Object detection in satellite imagery
Training a deep learning model on a custom dataset
Dynamic inference using Google Earth Engine

Unlike previous tutorials which used the GEE JavaScript API, this one will utilize Python; this is because these sorts of deep learning models aren’t available in GEE natively yet. By the end, we’ll be able to generate images such as the one below:

Object Detection in Satellite Imagery

Object detection in satellite imagery has a variety of useful applications.

There’s the needle-in-a-haystack problem of needing to monitor a large area for a small number of objects. Immediately prior to the invasion of Ukraine, for example, a number of articles emerged showing Russian military vehicles and equipment popping up in small clearings in the forest near the border with Ukraine. Many of these deployments were spotted by painstakingly combing through high resolution satellite imagery, looking for things that look like trucks. One problem with this approach is that you need to know roughly where to look. The second, and more serious problem, is that you need to be on the lookout in the first place. Object detection, applied to satellite imagery, can automatically comb through vast areas and identify objects of interest. If planes and trucks start showing up in unexpected places, you’ll know about it.

Perhaps you’re not monitoring that large of an area, but you want frequent updates about what’s going on. What sorts of objects (planes, trucks, cars, etc.) are present? How many of each? Where are they located? Instead of having to manually look through new imagery as it becomes available, you could have a model automatically analyze new collections and output a summary.

YOLOv5

Object detection is a fairly complicated task, and there are a number of different approaches to it. In this tutorial, we’ll be using a model called YOLOv5. YOLO stands for You Only Look Once, and it’s a model that was developed by Joseph Redmon et. al., and the full paper detailing the model can be found here.

The YOLOv5 model is a convolutional neural network (CNN), which is a type of deep learning model. CNNs are very good at identifying patterns in images, particularly in small regions of images. This is important for object detection, because we want to be able to identify objects even if they’re partially obscured by other objects.

YOLO works by chopping an image up into a grid, and then predicting the location and size of objects in each grid cell:

It learns the locations of these objects by training on a dataset of images in which each object is indicated by a bounding box. Then, when it’s shown a new image, it will attempt to predict bounding boxes around the objects in that image.
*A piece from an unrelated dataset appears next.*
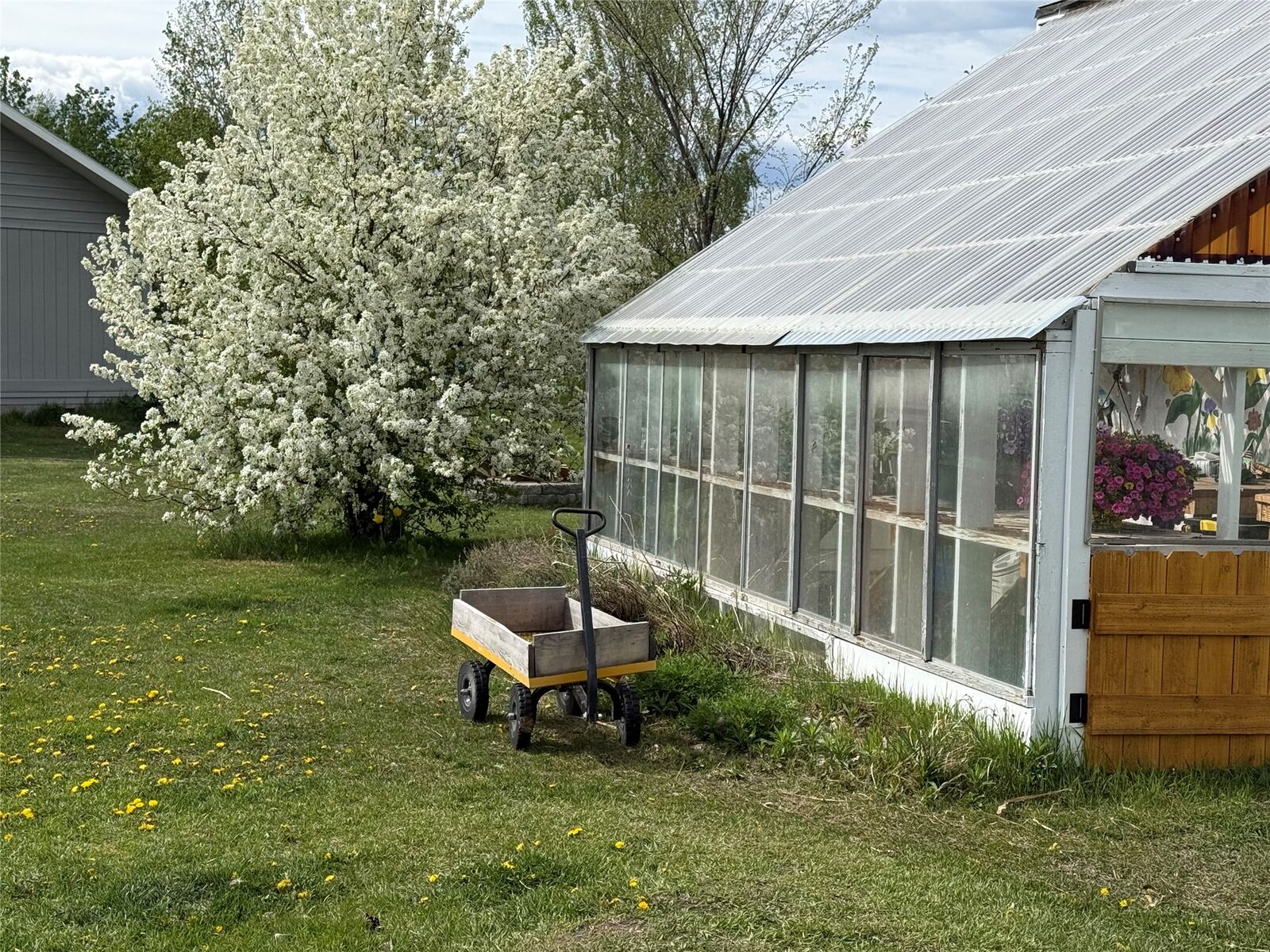 Property Photo:  50 Baron Lane  MT 59917 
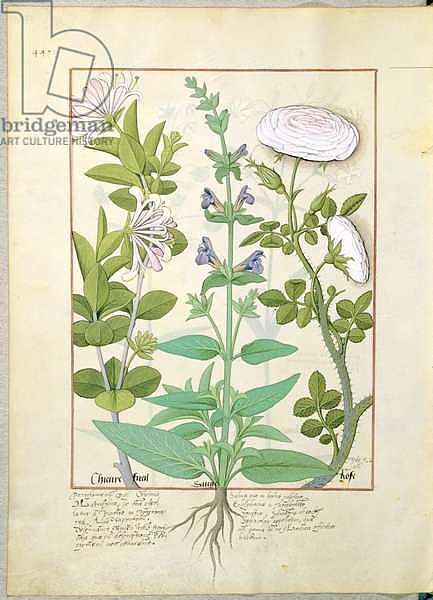 Ms Fr. Fv VI #1 fol.133v Honeysuckle, Sage and Rose, c.1470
The standard YOLO model is trained on the COCO dataset, which contains over 200,000 images of 80 different objects ranging from people to cars to dogs. YOLO models pre-trained on this dataset work great out of the box to detect objects in videos, photographs, and live streams. But the nature of the objects we’re interested in is a bit different.
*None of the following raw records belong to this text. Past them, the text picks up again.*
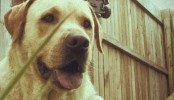 Sony Vegas – Vintage Look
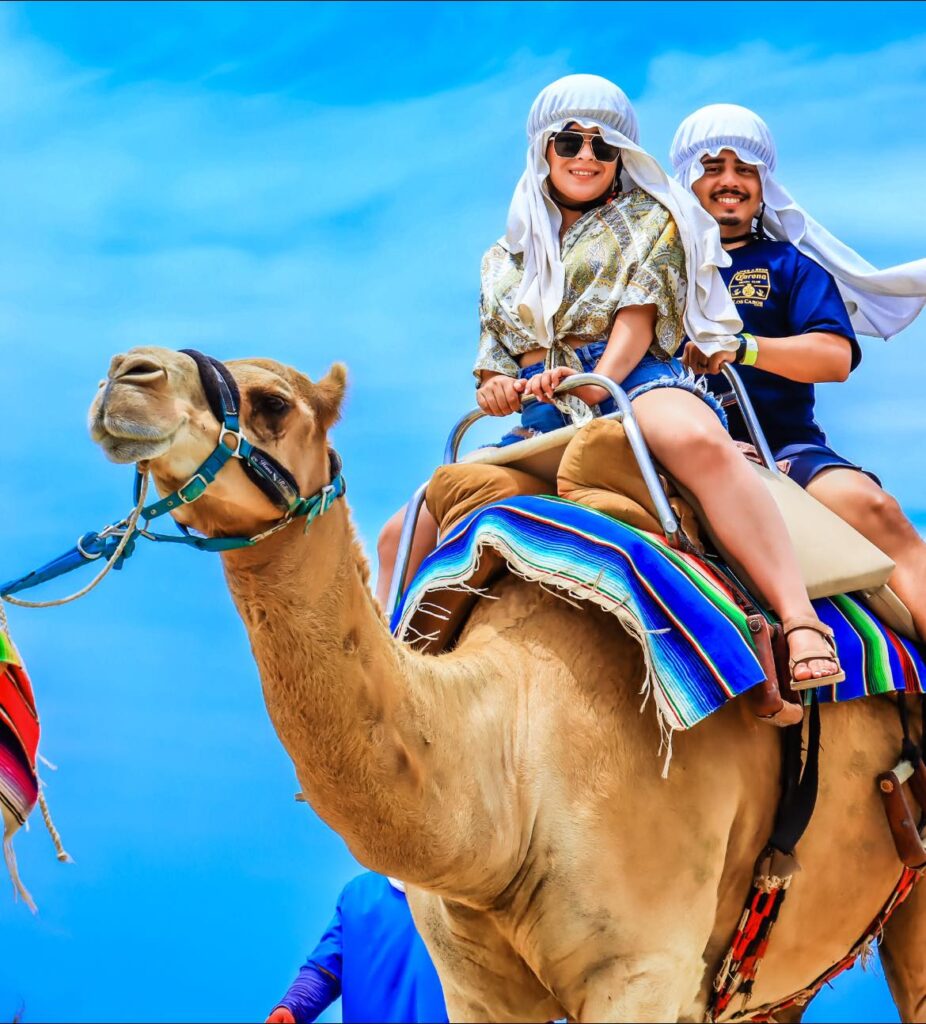 Camel safari and tequila tasting in Cabo San Lucas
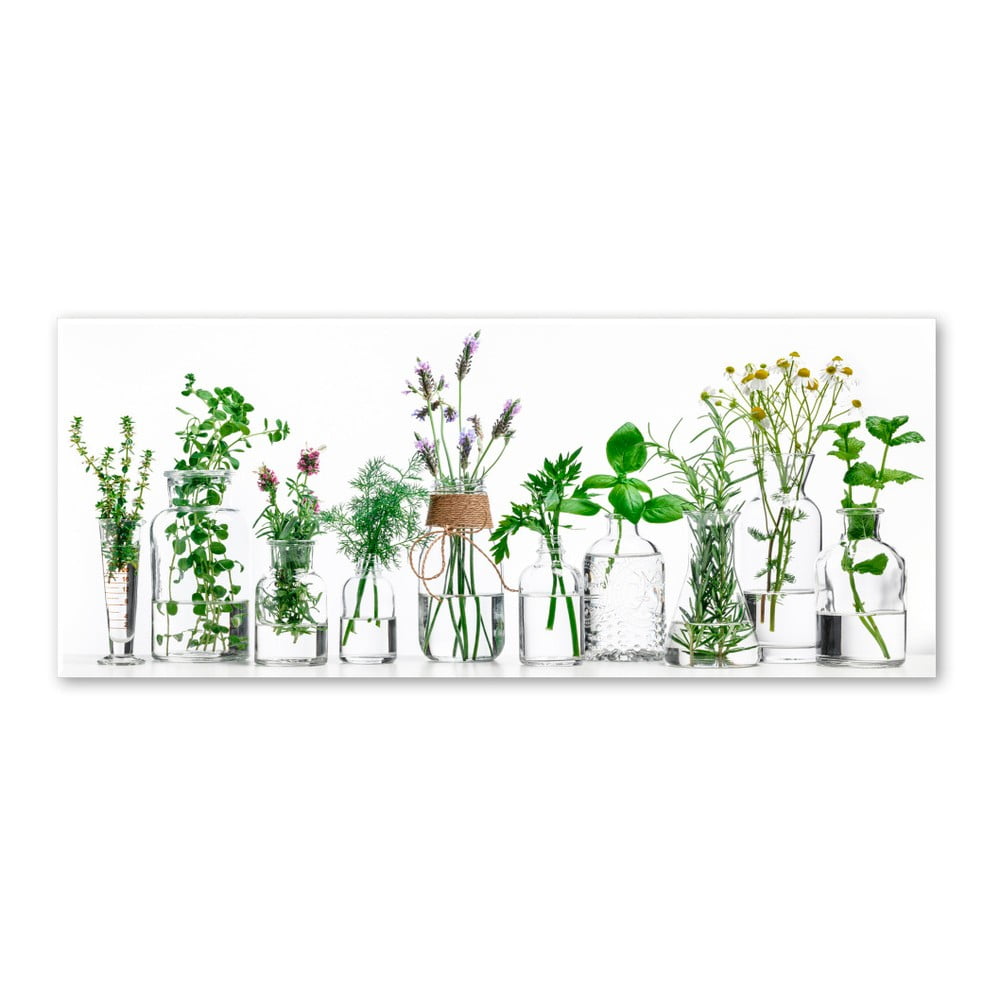 Tablou Styler Glasspik Herbs, 30 x 80 cm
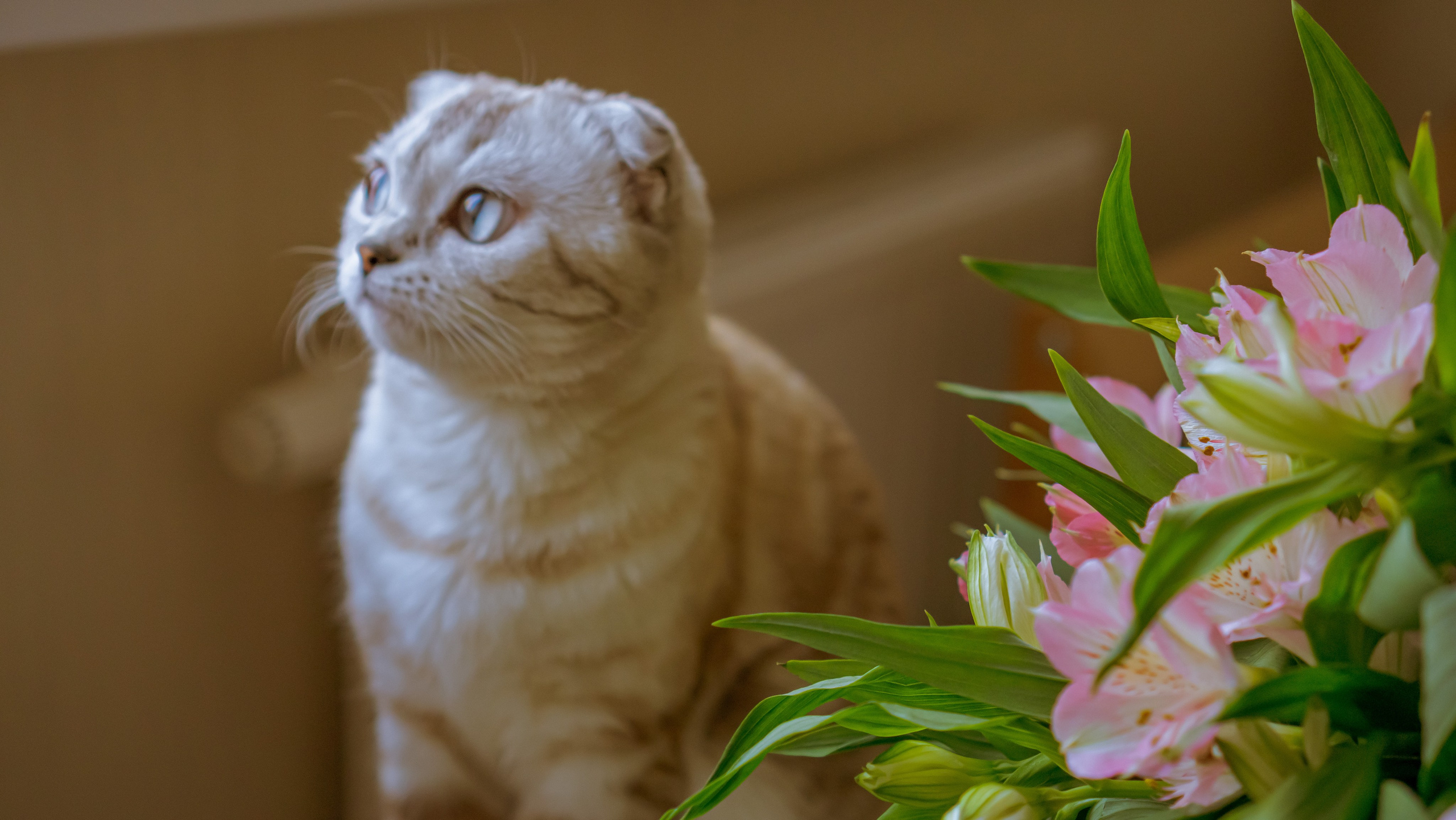 Ария. Фотограф в Кстово и Нижнем Новгороде KOLOSOK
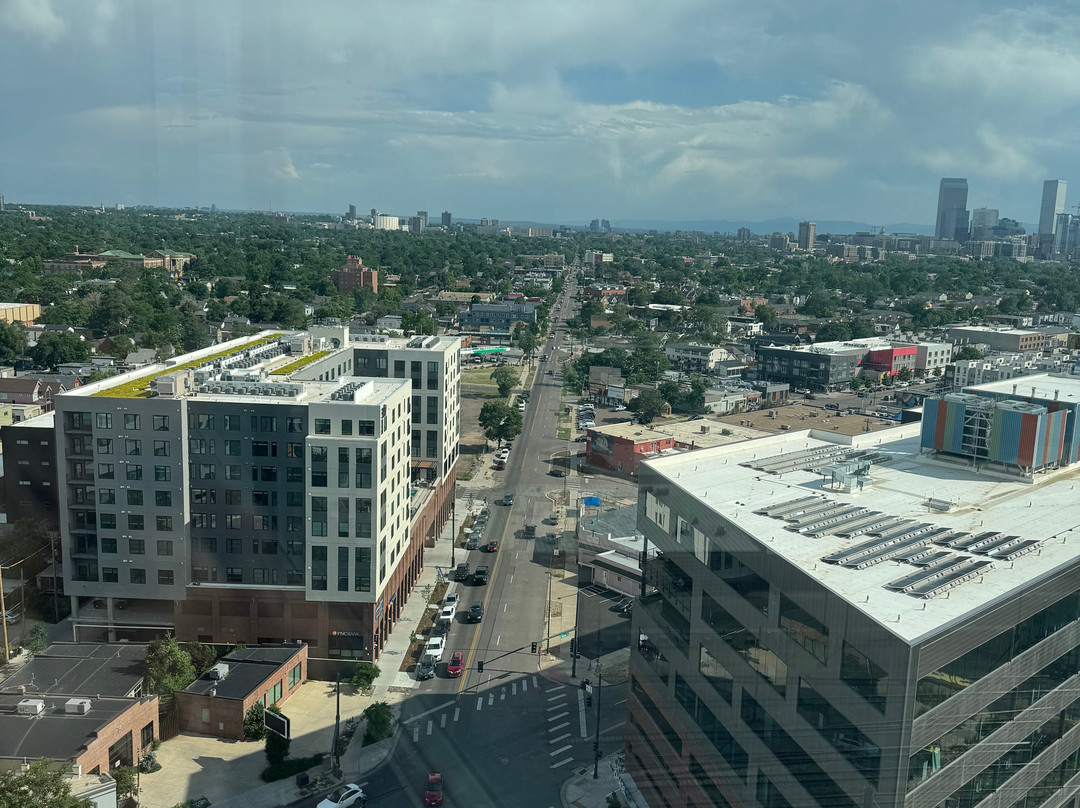 猫鸟酒店主图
Luckily, we can simply re-train the YOLOv5 model on datasets of labeled satellite imagery. The rest of this tutorial will walk through the process of training YOLOv5 on a custom dataset, and then using it to dynamically identify objects in satellite imagery pulled from Google Earth Engine.

Training

The process of re-training the YOLOv5 model on satellite imagery is fairly straightforward and can be accomplished in just three steps; first, we’re going to clone the YOLOv5 repository which contains the model code and the training scripts. Then, we’ll download a dataset of satellite imagery and labels from Roboflow, and finally, we’ll train the model on that dataset.
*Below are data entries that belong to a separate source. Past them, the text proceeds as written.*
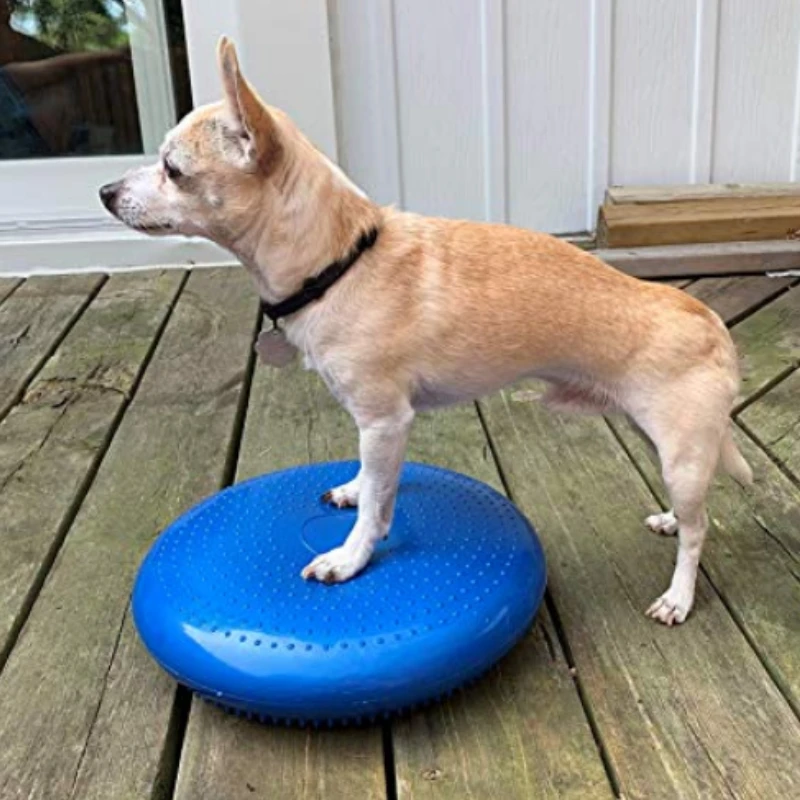 صحن طائر متوازن للحيوانات الأل - مراجعة Flying Disc Dog Training Toy وسعره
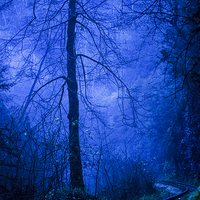 Buy canvas prints of  In the dark blue forest by Vladimir Sidoropolev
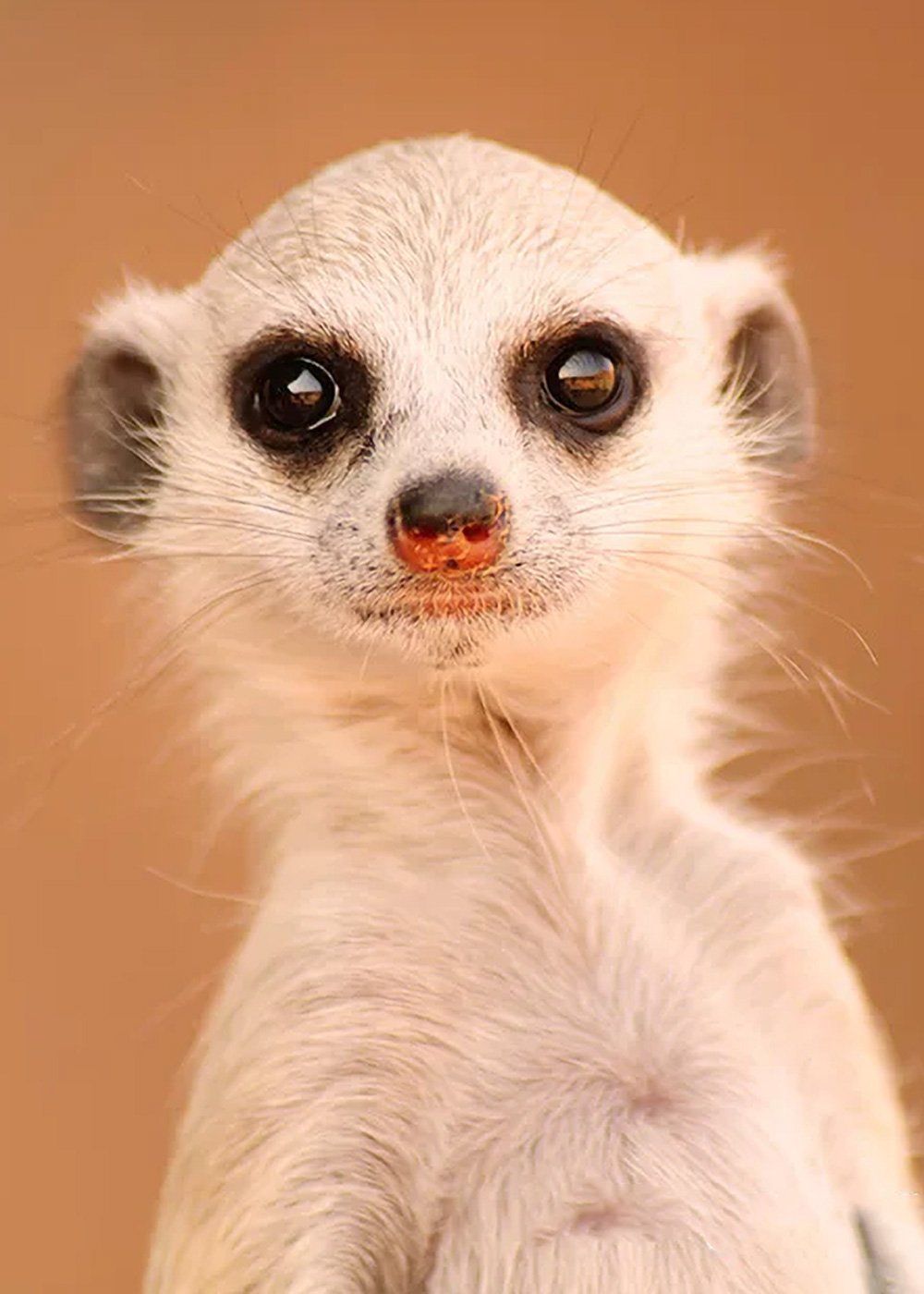 1.-SB_-Carousal_cute-meerkat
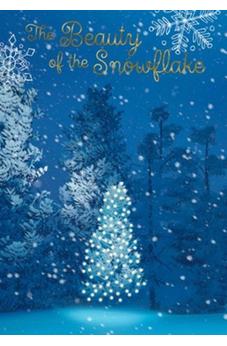 DaySpring The Beauty of the Snowflake - Premium 5-Pannel Christmas Cards - 18 Christmas Boxed Cards & Envelopes, NIV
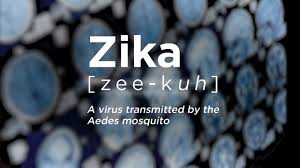 Scientists develop improved, potentially safer Zika vaccine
Let’s start by cloning the YOLOv5 repository. Note: we’ll be using a fork of the original repository that I’ve modified to include some pre-trained models that we’ll be using later on.

!git clone https://github.com/oballinger/yolov5_RS  # clone repo
%cd yolov5_RS # change directory to repo
%pip install -qr requirements.txt # install dependencies
%pip install -q roboflow # install roboflow


import torch # install pytorch
import os # for os related operations
from IPython.display import Image, clear_output  # to display images

Once we’ve downloaded the YOLOv5 repository, we’ll need to download a dataset of labeled satellite imagery. For this example, we’re going to stick with ship detection as our use case, but expand upon it. We want to be able to distinguish between different types of ships, and we want to use freely-available satellite imagery.

To that end, we’ll be using this dataset, which contains 3400 labeled images taken from Sentinel-2 (10m/px) and PlanetScope (3m/px) satellites. Ships in these images are labeled by drawing an outline around them:

The image above shows three ships and what is known as an STS – a “Ship-To-Ship” transfer – which is when a ship is transferring cargo to another ship. There are a total of seven classes of ship in this dataset:

This dataset can be downloaded directly from Roboflow using the following code:

from roboflow import Roboflow
rf = Roboflow(api_key="<YOUR API KEY>")
project = rf.workspace('ibl-huczk').project("ships-2fvbx")
dataset = project.version("1").download("yolov5")

You’ll need to get your own API key from Roboflow, which you can do here, and insert it in the second line of code. Roboflow is a platform for managing and training deep learning models on custom datasets. It’s free to use for up to three projects, and hosts a large number of datasets that you can use to train your models. To use a different dataset, you can simply change the project name and version number in the second and third lines of code.

Finally, we can train our YOLOv5 model on the dataset we just downloaded in just one line of code:

!python train.py --data {dataset.location}/data.yaml --batch 32 --cache

This should take about an hour.

Accuracy Assessment

Using Tensorboard, we can log the performance of our model over the course of the training process:

One metric in particular, mAP 0.5, is a good indicator of how well our model is performing. We can see it increasing rapidly at first, and then leveling off after around 30 epochs of training. The rest of this subsection will explain what exactly the mAP 0.5 value represents in this context. If you’re interested in training your own model at some point, the rest of this subsection will be of interest. If you’re just interested in deploying a pre-trained model, you can skip ahead to the next subsection.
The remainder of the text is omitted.